Employers, too, understood that breaking picket lines was crucial, and they responded to striking workers’ use of force with coercion of their own. This was often accomplished by enlisting the power of the state. Riker (1957) shows that between 1877 and 1892, the modal use of state militia was in response to labour unrest. In Figure 4, one can see that state resource allocation was affected by labour unrest: the frequency of strikes in the late 19th century was significantly, positively associated with state militia expenditures.
Figure 4 Militia spending and strikers
Notes: Militia spending and strikers. Figure plots the log of militia expenditures per capita against the number of striking workers per capita, by state. Data come from Riker (1957).
Government intervention on the side of employers was supported by the courts, particularly following the adoption of the judicial labour injunction as a legal tool to prohibit strikes. Figure 5 shows that injunctions increased rapidly beginning in the1890s, occurring most often during the period of greatest labour conflict.
Figure 5 Injunctions against labour disputes
Notes: Figure shows counts from Lexis-Nexis and Westlaw, based on a search for “injunction” and (labour OR strike OR workers OR collective bargaining OR combination), and reading of cases to ensure that injunctions were issued in response to labour disputes.

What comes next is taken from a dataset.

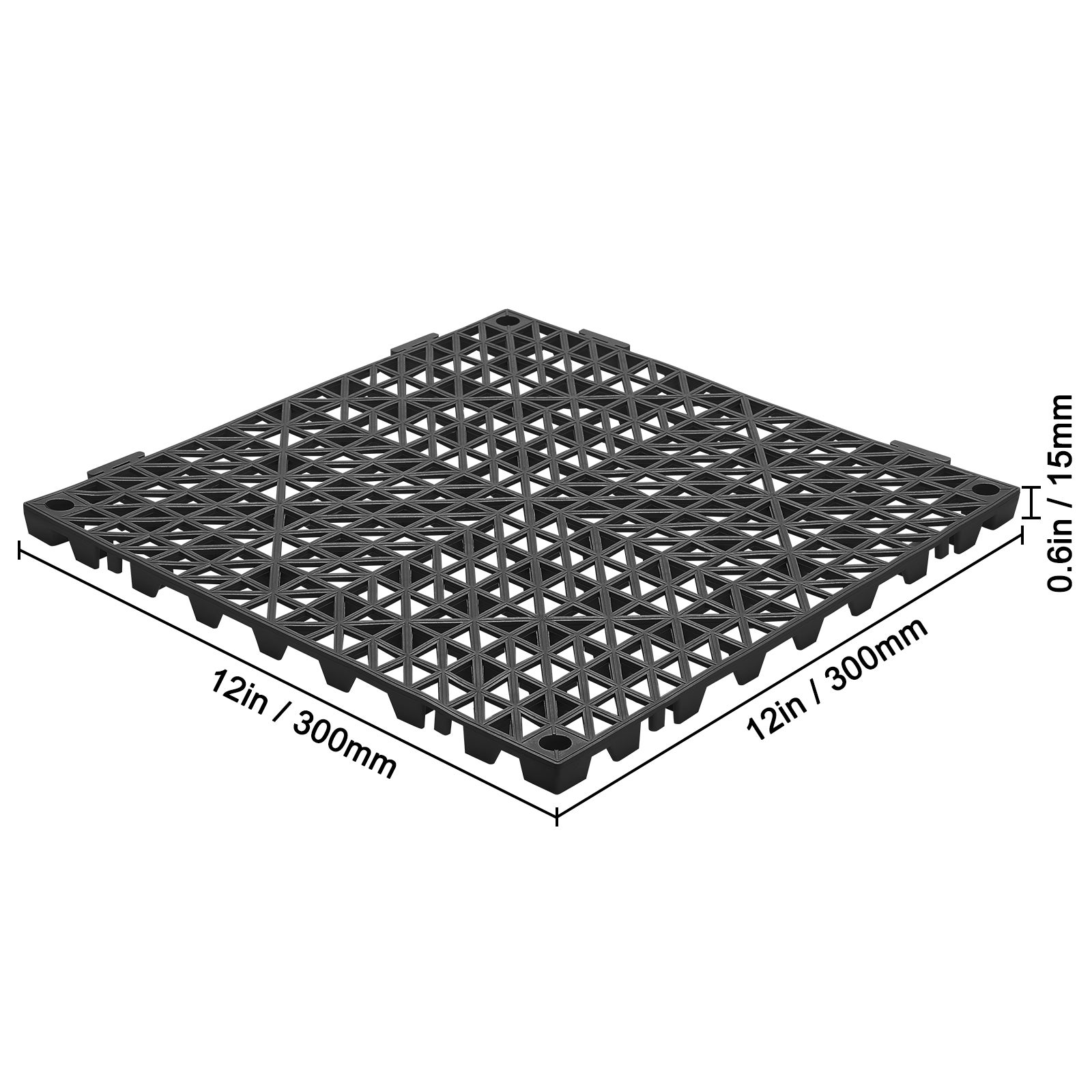 Coussin modulaire emboîtable,lot SucceBuy 50 tapis drainage 30x30 cm,dalles emboîtables en PVC souple,trou de drainage antidérapant pour toilettes - 2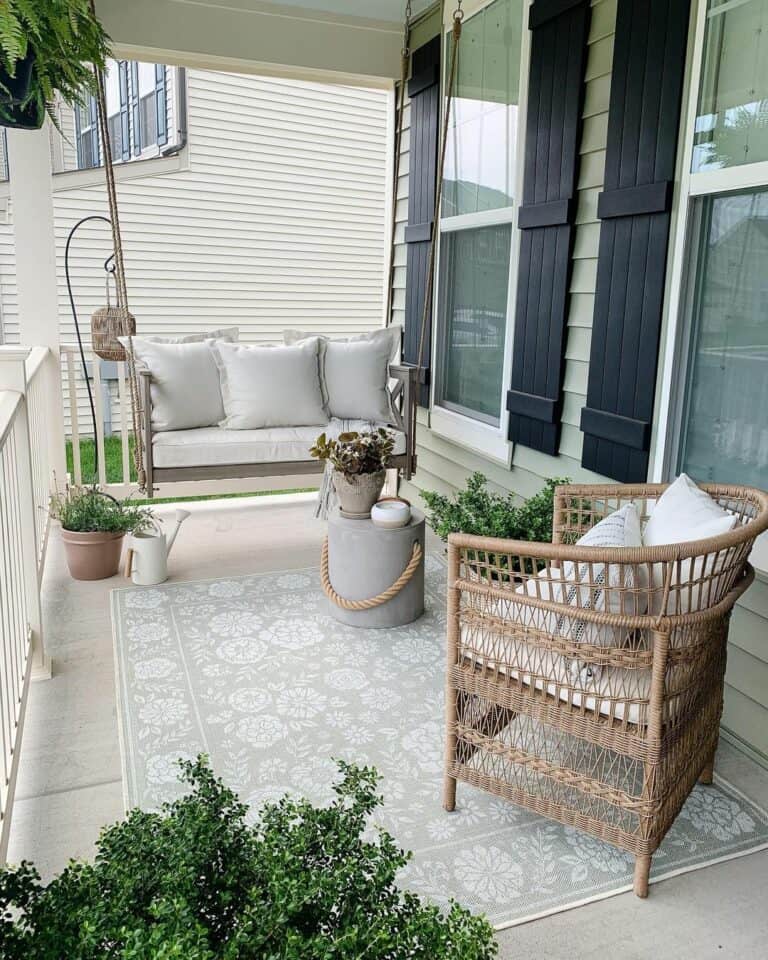 Front Porch with Swing and Outdoor Seating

Looking around today, it is obvious that inequality and conflict over the distribution of wealth and income remain salient a century after the first Gilded Age. History is never a perfect guide, but the late 19th century suggests that even as markets play a greater role in allocating labour, legal and political institutions will continue to shape bargaining power between firms and workers, and thus the division of rents within the firm. What remains to be determined – and battled over – is which institutions are empowered to act, and whose interests they will represent. Regardless, latent labour market conflict seems likely to be a prominent feature of our new Gilded Age.